Short descriptive text snippets
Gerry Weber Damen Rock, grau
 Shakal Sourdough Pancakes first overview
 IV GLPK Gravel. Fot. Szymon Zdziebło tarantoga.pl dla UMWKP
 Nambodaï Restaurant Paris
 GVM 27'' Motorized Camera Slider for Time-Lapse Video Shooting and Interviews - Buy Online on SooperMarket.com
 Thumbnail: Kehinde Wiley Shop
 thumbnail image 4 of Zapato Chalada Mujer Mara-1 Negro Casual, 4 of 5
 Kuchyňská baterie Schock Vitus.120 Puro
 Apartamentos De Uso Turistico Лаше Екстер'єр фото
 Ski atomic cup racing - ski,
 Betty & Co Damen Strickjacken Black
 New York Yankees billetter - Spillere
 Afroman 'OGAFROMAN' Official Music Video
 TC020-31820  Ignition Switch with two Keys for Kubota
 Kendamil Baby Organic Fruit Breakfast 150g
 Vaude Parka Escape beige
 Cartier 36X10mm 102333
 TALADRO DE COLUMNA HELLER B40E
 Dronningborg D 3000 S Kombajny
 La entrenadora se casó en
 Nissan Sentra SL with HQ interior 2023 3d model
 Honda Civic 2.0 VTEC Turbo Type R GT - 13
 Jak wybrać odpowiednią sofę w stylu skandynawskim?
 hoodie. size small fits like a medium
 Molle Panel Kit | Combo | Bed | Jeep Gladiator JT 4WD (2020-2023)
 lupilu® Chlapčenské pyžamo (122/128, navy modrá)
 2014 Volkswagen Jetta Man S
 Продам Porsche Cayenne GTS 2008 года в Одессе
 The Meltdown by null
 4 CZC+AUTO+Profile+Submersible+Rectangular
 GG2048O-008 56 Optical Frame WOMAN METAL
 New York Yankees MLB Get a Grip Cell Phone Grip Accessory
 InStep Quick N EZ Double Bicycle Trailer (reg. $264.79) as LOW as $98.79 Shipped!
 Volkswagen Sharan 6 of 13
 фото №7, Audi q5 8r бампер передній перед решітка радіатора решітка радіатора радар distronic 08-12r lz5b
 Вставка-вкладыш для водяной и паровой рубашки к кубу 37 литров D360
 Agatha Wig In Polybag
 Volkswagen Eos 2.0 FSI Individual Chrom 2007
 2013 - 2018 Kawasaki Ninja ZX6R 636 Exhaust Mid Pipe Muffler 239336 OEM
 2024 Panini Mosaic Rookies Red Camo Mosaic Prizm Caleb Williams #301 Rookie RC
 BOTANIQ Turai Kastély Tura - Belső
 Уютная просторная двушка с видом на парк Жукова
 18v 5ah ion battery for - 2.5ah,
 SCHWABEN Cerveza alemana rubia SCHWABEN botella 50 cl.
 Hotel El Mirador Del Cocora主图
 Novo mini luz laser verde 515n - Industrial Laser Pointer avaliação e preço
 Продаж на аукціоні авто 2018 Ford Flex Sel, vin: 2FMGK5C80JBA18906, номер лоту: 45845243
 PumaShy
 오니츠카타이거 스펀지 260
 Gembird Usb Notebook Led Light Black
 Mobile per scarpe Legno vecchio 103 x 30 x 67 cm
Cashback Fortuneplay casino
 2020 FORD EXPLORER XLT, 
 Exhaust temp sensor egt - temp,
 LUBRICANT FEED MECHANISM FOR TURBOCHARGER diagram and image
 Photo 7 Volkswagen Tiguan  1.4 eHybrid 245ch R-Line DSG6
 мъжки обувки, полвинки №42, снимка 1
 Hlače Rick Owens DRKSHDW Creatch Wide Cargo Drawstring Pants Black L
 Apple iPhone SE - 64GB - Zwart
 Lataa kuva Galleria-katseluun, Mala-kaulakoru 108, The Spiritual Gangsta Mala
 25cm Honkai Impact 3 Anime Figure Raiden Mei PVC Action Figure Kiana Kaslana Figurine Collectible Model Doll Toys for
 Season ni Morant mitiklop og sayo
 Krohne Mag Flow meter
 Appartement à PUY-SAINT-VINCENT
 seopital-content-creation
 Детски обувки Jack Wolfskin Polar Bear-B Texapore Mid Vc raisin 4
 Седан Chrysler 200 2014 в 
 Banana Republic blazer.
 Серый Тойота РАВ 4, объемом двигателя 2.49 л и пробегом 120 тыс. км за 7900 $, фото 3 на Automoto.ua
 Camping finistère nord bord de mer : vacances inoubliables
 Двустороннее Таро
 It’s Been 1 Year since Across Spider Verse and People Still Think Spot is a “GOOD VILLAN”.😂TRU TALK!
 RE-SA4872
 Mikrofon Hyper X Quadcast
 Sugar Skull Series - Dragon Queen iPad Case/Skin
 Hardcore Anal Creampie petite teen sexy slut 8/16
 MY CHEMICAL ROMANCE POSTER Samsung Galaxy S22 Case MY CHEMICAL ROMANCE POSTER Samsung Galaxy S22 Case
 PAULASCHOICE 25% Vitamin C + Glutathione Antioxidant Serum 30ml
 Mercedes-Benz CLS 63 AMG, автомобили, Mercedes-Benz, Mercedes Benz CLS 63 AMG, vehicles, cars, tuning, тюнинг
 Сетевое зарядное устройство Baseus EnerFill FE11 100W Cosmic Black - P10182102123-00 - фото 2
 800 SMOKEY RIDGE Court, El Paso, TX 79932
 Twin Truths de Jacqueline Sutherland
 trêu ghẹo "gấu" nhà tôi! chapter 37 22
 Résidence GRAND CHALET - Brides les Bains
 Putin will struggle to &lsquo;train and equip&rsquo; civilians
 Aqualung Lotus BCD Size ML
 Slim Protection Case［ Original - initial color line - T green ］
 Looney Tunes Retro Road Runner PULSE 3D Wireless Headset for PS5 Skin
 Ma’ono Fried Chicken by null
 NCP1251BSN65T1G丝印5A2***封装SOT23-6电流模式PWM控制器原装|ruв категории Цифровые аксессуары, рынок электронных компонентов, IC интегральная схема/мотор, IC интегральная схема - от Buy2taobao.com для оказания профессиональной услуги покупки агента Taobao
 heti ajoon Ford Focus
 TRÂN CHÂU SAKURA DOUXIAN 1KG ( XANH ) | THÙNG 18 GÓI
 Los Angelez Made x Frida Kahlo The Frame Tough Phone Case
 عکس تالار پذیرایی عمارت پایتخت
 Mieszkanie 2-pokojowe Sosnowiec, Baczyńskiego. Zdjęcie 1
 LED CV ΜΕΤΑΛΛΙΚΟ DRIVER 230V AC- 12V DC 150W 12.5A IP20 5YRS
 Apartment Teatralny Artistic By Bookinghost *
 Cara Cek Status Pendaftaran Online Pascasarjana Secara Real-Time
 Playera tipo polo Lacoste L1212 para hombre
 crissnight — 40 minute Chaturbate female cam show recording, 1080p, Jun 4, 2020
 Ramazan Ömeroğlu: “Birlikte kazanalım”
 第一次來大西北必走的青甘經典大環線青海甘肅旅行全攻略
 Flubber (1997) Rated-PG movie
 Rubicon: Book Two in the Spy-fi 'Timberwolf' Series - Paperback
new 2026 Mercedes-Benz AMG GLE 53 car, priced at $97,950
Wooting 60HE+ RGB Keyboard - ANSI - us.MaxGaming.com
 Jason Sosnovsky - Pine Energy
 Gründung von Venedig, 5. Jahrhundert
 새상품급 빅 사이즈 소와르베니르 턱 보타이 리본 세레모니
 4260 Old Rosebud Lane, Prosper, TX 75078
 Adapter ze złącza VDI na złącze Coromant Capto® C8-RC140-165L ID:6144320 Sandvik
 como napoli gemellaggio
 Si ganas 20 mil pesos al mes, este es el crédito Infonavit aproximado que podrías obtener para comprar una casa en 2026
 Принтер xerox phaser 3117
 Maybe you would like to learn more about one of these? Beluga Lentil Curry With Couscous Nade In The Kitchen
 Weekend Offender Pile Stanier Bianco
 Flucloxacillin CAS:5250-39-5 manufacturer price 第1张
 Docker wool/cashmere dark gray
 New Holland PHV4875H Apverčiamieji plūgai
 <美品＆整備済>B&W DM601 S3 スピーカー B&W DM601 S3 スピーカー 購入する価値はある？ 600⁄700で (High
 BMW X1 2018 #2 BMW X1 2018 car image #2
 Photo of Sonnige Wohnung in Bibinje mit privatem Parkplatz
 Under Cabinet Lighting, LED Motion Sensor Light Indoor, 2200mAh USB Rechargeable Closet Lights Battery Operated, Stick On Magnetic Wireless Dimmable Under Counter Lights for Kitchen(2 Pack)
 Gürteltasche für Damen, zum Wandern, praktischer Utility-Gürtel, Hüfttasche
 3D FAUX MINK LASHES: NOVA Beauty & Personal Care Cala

• _TASK STATEMENT_: Only one stretch of the entries above is wanted: the lines from the one containing "Mercedes-Benz CLS 63" through the one containing "Ma’ono Fried Chicken by null". Please reproduce it exactly.

• _OUTPUT OF THE EXERCISE_:
 Mercedes-Benz CLS 63 AMG, автомобили, Mercedes-Benz, Mercedes Benz CLS 63 AMG, vehicles, cars, tuning, тюнинг
 Сетевое зарядное устройство Baseus EnerFill FE11 100W Cosmic Black - P10182102123-00 - фото 2
 800 SMOKEY RIDGE Court, El Paso, TX 79932
 Twin Truths de Jacqueline Sutherland
 trêu ghẹo "gấu" nhà tôi! chapter 37 22
 Résidence GRAND CHALET - Brides les Bains
 Putin will struggle to &lsquo;train and equip&rsquo; civilians
 Aqualung Lotus BCD Size ML
 Slim Protection Case［ Original - initial color line - T green ］
 Looney Tunes Retro Road Runner PULSE 3D Wireless Headset for PS5 Skin
 Ma’ono Fried Chicken by null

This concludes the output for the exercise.